A modular, reproducible pipeline for Massively Parallel Reporter Assays (MPRA), from raw sequencing reads through count summarization, statistical modeling, and per-condition comparisons. This README provides setup instructions, configuration details, and step-by-step usage examples.
- Project Overview
- Prerequisites
- Repository Layout
- Download and Setup
- Usage: Pipeline Wrapper (pipeline.sh)
- Usage: Step-by-Step Commands
- Matching Oligos to Barcodes (run_match.sh)
- Counting Barcodes (run_count.sh)
- Modeling Activity (run_model.sh)
- Condition Comparisons (run_compare.sh)
- Input/Output File Descriptions
- Troubleshooting
- Collaboration
- License & Citation
This MPRA pipeline processes paired‐end or single‐end FASTQ reads from reporter assays:
- Match reads to reference oligo sequences and extract barcodes.

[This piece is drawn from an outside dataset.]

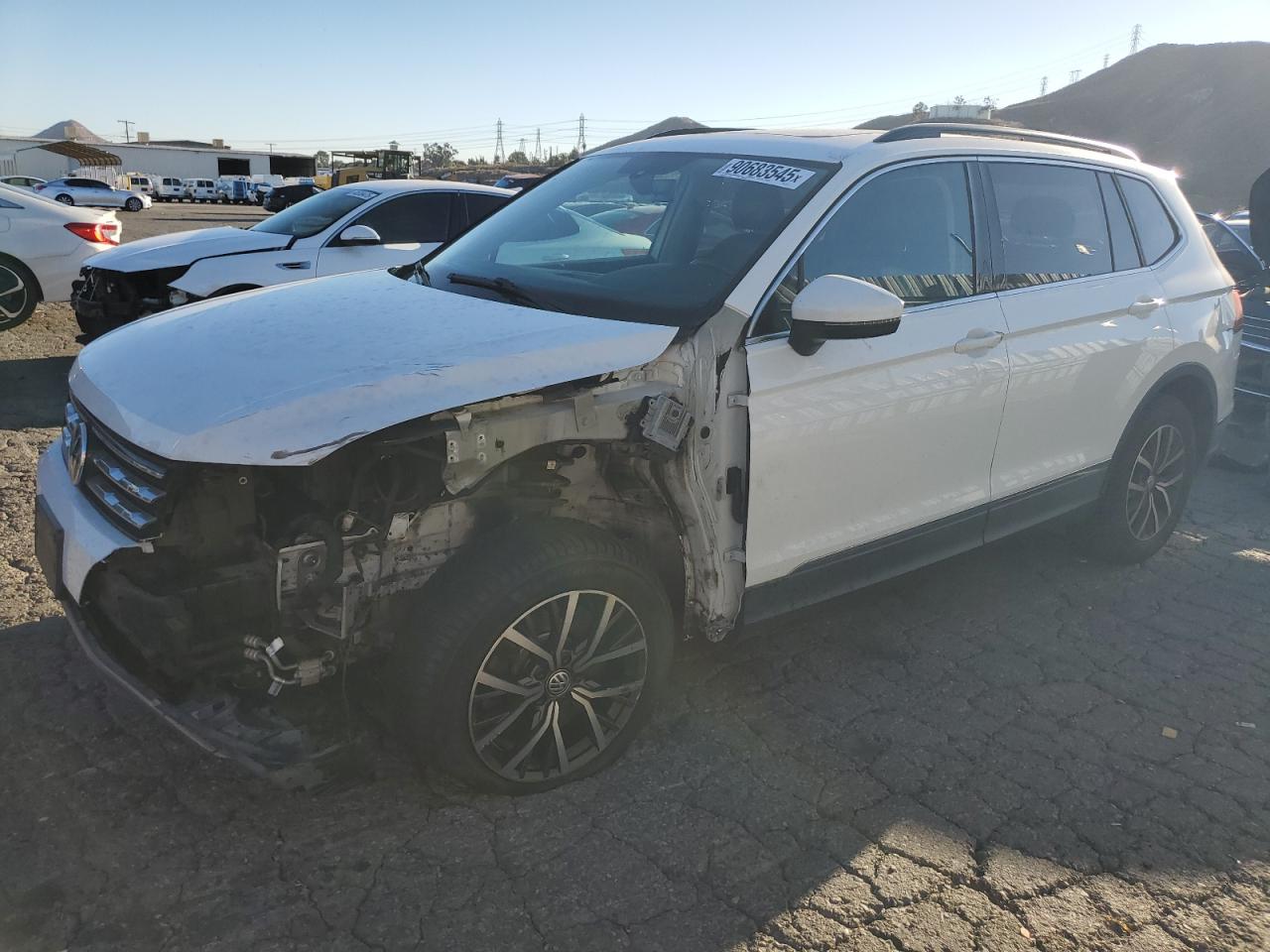 VOLKSWAGEN TIGUAN SE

- Count barcode occurrences across replicates and conditions.
- Model RNA vs. DNA counts to estimate activity (log₂ RNA/DNA) per oligo using DESeq2–based normalization, dispersion estimation, and optional summit shift.
- Compare activity between user‐defined groups (e.g., treatment vs. control) with robust statistical testing.

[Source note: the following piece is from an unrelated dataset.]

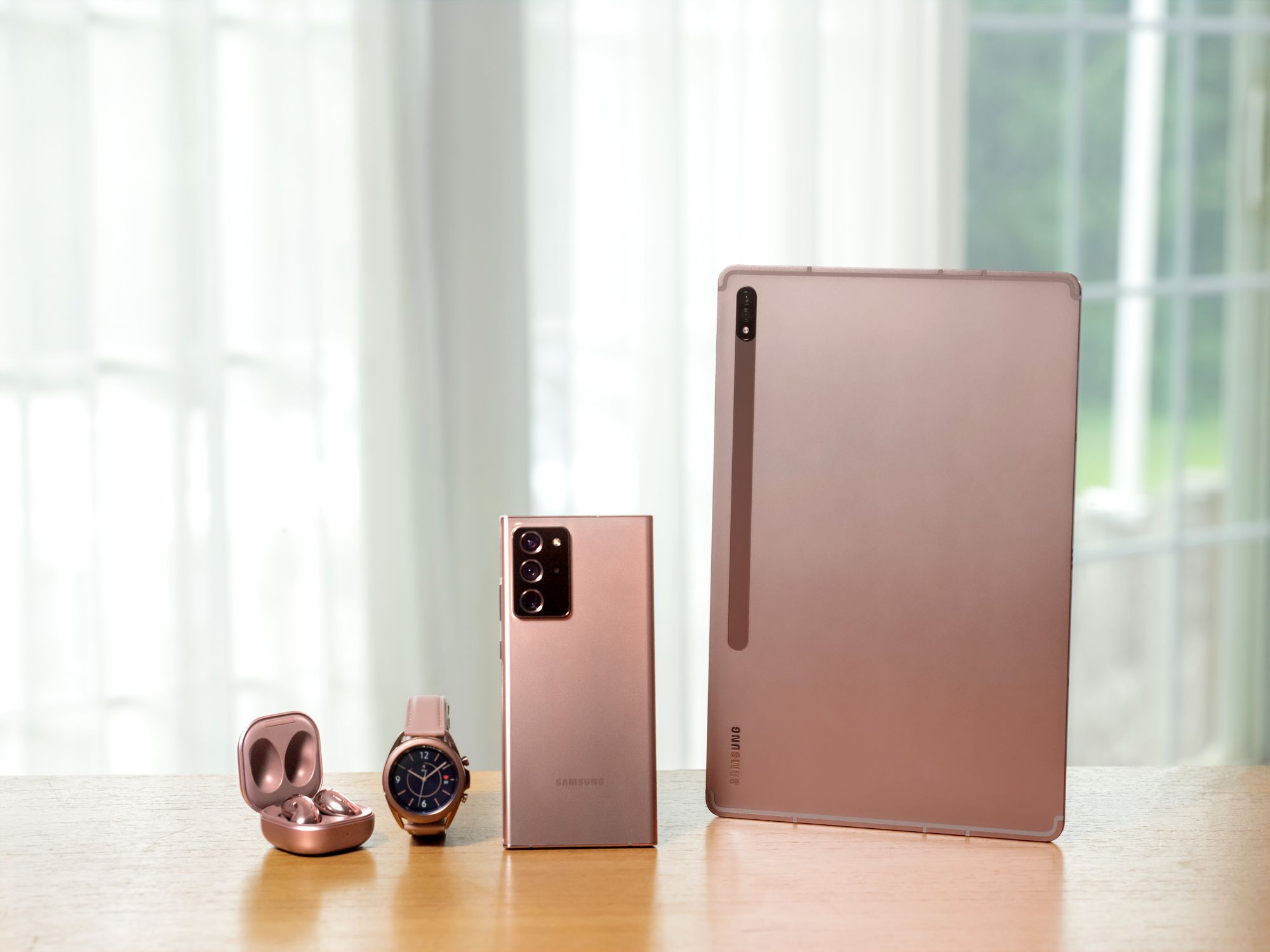 [HOT] Chưa ra mắt nhưng Galaxy Note 20, Galaxy Tab S7, Galaxy Buds Live và Galaxy Watch 3 đã lộ toàn bộ thiết kế ngoài đời thực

All steps are implemented as modular scripts, orchestrated by a job‐submission wrapper for HPC clusters (SGE).
• Linux or macOS • Conda (Miniconda or Anaconda) • SGE or compatible job scheduler (optional; pipeline can run locally if desired).
MPRA/
├── config/ # all user‐provided configuration
│ ├── acc_id.txt # sample fastq ↔ replicate ID mappings
│ ├── comparisons.tsv # which groups to compare (Comparison, Group1, Group2)

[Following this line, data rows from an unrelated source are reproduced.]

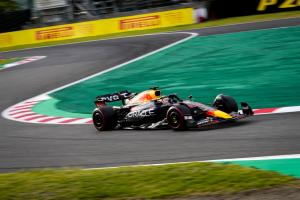 Verstappen apunta hacia el título desde la “pole” en Japón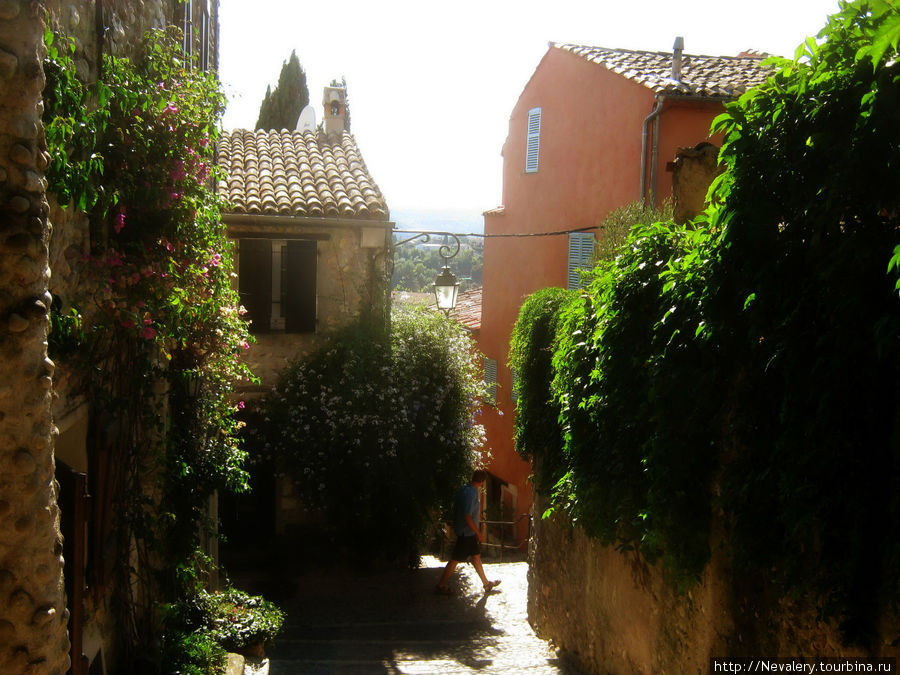 Тихий и уютный средиземноморский Cagnes-sur-Mer. Кань-сюр-Мер, Франция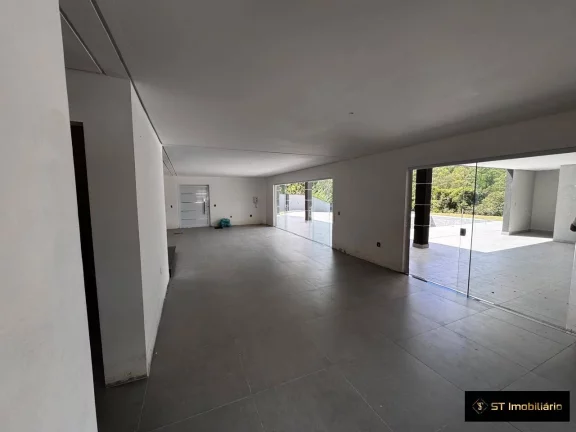 Imagem Chácara de Alto Padrão em Condomínio Mairiporã - Permuta - Financiamento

│ └── settings.sh # MUST EDIT: PROJECT_NAME, PROJECT_SUFFIX,
│ CONDA_INIT, SCC_PROJ
├── data/
│ ├── library/ # place your cloned‐library FASTA & controls here
│ └── samples/ # place your raw plasmid/RNA FASTQs here
│
├── logs/ # auto‐generated qsub stdout/err files
│
├── results/ # pipeline outputs by step
│ ├── 01_match/ # reconstructed oligo-barcode mapping
│ ├── 02_count/ # per-replicate count tables & QC
│ ├── 03_model/ # DESeq2 results, normalized counts, plots
│ └── 04_compare/ # pairwise comparison TSVs & summaries
│
├── scripts/ # utility Python scripts (don’t edit)
│ ├── associate_tags.py
│ ├── bc_raw.py
│ ├── compile_bc_cs.py
│ ├── count_qc.py
│ ├── ct_seq.py
│ ├── make_attributes_oligo.py
│ ├── make_counts.py
│ ├── make_infile.py
│ ├── make_project_list.py
│ ├── map_project_annot_fastq.py
│ ├── mapping_qc_plots.py
│ ├── parse_map.py
│ ├── pull_barcodes.py
│ ├── read_stats.py
│ └── sam2mpra_cs.py
│
├── src/ # entrypoints for each pipeline step
│ ├── 01_MPRA_match/
│ │ ├── match.py # core matching logic
│ │ └── run_match.sh # wrapper script
│ ├── 02_MPRA_count/
│ │ ├── count.py # count aggregation logic
│ │ └── run_count.sh # wrapper script
│ ├── 03_MPRA_model/
│ │ ├── model.r # R script doing DESeq2 modeling
│ │ └── run_model.sh # wrapper script
│ └── 04_MPRA_compare/
│ ├── compare.r # R script for group1 vs group2 tests
│ └── run_compare.sh # wrapper script
│
├── .gitignore # ignore logs, results, etc.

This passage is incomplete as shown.